* _Aim of the task_
The number of lines holding "Luxury" is all you should give; count them in the records below.

* _Material shown_
..............................

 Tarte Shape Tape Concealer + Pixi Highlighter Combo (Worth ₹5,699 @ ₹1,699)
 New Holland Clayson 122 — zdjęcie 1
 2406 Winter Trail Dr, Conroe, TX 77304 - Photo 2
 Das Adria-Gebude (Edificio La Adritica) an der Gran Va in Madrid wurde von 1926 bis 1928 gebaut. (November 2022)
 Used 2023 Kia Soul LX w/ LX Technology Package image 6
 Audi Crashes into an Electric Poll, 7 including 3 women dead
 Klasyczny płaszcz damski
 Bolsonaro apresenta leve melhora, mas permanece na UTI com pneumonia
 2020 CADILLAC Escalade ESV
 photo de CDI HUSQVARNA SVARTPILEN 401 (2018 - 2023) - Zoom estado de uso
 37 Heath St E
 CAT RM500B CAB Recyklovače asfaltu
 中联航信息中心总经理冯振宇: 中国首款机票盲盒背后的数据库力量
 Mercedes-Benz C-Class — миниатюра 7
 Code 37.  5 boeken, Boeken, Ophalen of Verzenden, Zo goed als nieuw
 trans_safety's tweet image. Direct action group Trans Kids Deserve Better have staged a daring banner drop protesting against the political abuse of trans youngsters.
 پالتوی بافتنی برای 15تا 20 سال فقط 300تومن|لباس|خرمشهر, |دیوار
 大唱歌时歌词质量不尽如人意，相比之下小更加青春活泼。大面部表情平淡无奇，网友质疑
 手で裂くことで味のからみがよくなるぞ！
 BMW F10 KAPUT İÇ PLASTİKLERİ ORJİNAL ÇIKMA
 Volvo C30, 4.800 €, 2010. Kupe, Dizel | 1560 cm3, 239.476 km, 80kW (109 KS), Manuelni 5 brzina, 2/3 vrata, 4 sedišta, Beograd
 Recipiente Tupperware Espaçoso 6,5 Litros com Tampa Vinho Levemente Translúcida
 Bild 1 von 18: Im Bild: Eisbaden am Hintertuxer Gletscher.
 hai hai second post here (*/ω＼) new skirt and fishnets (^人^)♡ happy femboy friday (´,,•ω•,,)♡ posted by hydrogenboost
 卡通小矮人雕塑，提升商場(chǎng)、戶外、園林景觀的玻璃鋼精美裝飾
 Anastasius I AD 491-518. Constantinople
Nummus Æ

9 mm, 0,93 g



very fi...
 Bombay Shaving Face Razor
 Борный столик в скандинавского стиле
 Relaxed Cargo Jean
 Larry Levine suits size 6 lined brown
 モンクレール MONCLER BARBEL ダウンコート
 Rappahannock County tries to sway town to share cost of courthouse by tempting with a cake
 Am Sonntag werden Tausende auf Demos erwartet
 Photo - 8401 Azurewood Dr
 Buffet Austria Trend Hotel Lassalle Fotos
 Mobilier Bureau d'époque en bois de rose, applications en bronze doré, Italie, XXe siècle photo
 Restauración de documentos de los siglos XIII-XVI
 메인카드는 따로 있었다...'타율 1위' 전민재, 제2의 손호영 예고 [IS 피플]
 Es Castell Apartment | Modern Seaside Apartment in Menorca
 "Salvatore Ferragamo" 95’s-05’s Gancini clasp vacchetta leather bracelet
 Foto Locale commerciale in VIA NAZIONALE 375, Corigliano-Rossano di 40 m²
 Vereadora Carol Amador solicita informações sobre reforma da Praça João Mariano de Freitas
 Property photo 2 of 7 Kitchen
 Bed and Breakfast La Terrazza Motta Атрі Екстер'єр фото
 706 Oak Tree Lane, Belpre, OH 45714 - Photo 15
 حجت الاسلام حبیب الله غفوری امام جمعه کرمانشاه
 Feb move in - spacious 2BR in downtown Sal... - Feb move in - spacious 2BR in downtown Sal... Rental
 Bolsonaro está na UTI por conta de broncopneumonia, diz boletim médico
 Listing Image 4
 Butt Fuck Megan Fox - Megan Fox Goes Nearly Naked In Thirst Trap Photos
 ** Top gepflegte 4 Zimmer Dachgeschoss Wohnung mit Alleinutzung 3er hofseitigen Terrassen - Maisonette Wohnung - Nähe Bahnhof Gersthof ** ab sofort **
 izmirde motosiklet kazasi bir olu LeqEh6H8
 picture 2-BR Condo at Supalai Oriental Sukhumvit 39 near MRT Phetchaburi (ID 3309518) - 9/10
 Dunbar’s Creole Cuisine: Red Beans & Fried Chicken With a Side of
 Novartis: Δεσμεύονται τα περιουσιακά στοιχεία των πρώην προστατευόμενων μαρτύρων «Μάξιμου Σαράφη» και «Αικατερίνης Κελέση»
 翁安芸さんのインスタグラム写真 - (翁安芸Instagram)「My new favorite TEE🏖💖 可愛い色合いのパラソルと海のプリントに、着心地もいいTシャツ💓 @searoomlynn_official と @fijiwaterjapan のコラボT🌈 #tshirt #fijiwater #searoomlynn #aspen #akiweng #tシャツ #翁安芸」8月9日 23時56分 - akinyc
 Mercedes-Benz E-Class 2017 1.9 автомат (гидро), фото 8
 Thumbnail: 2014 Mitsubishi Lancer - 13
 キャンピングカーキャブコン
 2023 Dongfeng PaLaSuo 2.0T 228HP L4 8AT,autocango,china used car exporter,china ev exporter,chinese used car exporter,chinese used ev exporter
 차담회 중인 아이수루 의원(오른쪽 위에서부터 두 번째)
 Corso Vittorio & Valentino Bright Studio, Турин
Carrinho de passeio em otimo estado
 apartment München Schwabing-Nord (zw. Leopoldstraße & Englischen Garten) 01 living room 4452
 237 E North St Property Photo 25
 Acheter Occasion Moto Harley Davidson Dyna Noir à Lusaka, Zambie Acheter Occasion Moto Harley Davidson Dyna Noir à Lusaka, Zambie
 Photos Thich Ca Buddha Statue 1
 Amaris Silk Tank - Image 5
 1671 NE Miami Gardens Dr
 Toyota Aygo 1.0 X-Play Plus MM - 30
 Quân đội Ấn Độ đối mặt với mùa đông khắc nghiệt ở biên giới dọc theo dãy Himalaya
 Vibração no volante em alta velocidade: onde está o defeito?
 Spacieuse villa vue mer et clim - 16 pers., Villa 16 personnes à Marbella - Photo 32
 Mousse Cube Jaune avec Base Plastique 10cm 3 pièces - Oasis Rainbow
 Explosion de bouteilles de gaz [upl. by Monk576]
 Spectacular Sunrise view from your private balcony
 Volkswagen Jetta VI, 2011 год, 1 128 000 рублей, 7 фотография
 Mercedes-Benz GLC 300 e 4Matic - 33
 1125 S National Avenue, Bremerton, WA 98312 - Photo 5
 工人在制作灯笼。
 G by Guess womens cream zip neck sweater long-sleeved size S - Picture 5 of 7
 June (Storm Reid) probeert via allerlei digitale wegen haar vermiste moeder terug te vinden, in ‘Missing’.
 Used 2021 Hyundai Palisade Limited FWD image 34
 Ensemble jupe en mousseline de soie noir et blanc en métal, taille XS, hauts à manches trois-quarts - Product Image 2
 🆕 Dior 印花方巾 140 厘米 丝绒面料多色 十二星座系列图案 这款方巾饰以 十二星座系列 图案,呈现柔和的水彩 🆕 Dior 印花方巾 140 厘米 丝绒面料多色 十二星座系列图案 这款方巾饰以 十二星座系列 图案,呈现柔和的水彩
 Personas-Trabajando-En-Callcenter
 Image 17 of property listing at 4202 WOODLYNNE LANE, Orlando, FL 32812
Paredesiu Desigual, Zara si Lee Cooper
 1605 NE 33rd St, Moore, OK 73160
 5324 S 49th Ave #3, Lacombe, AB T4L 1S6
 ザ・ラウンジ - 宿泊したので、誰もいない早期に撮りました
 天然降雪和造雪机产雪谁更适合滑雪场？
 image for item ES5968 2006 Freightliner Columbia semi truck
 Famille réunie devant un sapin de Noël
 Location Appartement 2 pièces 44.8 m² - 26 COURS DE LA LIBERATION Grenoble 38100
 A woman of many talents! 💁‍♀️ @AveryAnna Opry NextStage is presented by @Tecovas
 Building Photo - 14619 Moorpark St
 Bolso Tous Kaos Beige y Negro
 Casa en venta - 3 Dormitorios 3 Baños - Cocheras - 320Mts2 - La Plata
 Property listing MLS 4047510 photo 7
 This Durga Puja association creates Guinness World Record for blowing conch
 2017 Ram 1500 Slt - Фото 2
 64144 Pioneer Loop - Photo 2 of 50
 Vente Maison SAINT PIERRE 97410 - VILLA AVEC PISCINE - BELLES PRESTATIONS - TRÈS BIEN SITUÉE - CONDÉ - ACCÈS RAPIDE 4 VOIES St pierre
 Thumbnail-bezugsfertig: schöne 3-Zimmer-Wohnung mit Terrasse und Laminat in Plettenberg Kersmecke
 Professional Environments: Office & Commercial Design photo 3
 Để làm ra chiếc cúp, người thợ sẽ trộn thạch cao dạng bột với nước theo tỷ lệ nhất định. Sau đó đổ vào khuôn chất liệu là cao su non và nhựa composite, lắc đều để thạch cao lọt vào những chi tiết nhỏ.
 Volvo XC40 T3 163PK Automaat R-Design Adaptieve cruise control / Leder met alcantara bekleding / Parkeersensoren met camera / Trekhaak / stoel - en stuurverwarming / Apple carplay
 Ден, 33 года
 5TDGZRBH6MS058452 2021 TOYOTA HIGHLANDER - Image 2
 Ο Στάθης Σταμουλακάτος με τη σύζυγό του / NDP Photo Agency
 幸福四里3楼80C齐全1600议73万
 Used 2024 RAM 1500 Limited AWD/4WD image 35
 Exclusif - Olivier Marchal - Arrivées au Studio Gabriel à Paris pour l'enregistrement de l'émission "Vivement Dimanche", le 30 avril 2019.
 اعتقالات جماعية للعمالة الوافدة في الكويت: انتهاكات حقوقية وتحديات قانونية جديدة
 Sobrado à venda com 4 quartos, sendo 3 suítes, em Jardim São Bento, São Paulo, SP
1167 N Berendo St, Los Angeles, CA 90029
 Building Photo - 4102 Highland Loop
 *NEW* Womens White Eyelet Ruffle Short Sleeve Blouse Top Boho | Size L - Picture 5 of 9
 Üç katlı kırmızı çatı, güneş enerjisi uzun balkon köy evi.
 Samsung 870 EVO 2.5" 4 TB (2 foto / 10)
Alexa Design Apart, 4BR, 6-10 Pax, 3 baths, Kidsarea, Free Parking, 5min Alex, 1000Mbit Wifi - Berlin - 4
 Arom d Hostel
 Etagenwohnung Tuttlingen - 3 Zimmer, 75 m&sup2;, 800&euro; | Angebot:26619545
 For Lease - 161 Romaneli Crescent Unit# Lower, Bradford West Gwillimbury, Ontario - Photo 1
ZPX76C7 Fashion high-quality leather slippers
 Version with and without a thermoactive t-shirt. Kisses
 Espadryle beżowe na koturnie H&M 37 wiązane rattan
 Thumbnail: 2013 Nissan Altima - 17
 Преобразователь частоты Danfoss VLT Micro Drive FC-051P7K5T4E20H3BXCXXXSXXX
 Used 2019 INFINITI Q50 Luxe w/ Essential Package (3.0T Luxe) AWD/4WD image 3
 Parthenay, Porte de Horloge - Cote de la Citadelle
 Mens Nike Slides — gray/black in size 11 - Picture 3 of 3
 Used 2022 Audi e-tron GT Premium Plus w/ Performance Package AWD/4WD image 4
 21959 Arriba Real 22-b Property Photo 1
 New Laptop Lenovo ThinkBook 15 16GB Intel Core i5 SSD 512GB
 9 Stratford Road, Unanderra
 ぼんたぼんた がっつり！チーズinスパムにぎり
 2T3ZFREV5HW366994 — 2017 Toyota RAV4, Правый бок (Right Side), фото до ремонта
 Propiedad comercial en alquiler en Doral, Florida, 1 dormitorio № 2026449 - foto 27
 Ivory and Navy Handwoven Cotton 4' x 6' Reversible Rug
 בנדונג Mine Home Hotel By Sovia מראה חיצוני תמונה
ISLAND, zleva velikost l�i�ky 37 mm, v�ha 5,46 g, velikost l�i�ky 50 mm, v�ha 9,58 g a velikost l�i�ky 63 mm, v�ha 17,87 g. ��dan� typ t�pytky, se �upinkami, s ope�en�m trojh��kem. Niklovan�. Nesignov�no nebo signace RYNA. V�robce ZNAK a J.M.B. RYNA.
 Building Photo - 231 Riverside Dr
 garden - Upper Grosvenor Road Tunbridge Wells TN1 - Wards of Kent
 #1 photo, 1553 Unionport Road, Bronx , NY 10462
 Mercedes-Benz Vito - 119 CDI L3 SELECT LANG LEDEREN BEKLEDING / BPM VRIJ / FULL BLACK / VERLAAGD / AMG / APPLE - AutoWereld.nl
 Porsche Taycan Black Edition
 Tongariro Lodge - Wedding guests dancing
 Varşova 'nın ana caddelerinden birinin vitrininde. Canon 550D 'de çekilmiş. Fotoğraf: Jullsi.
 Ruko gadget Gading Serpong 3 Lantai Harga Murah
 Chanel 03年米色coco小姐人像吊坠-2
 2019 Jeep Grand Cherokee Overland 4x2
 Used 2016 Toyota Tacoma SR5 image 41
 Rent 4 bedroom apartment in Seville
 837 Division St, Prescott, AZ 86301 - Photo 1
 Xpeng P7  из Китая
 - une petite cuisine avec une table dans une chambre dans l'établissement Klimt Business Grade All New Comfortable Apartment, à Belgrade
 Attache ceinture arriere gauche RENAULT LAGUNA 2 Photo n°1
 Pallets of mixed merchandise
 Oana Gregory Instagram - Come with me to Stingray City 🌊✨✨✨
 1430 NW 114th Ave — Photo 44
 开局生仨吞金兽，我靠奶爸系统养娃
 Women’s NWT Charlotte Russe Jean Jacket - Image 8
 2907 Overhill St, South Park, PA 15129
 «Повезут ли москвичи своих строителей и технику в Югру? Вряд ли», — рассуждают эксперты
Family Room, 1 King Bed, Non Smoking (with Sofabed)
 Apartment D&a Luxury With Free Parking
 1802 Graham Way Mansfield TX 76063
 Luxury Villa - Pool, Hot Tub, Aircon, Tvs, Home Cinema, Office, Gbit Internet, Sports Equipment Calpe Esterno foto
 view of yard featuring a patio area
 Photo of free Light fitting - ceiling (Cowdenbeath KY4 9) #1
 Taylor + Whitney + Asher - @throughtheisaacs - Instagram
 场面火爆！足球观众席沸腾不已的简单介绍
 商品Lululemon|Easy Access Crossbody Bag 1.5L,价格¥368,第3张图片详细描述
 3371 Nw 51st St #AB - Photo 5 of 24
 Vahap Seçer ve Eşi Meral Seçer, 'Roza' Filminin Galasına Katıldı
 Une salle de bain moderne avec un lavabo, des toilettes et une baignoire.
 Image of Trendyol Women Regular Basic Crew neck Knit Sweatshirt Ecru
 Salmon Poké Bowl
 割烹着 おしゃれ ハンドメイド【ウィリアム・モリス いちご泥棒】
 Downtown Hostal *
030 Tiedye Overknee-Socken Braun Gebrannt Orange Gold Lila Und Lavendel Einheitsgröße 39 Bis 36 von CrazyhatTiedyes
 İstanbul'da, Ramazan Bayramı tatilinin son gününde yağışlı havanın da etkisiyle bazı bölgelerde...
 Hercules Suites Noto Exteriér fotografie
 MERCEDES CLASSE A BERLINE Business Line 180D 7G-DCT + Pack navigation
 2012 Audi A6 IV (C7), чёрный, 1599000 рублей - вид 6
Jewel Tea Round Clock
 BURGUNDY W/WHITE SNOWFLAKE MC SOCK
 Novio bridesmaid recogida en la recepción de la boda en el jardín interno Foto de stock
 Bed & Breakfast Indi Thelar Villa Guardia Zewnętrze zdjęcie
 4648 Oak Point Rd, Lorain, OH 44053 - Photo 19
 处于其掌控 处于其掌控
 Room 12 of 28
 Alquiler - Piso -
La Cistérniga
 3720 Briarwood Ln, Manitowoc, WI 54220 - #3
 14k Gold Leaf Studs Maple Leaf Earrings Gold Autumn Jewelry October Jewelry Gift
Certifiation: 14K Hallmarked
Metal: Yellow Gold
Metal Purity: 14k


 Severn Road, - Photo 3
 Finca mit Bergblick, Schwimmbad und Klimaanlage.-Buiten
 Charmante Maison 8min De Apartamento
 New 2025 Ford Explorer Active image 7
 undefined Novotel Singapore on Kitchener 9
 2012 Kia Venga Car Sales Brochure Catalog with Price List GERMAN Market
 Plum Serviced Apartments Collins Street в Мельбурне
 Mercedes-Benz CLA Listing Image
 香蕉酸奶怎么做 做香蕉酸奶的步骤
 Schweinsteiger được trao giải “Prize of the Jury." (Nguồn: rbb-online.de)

..............................

* _Expected answer_
2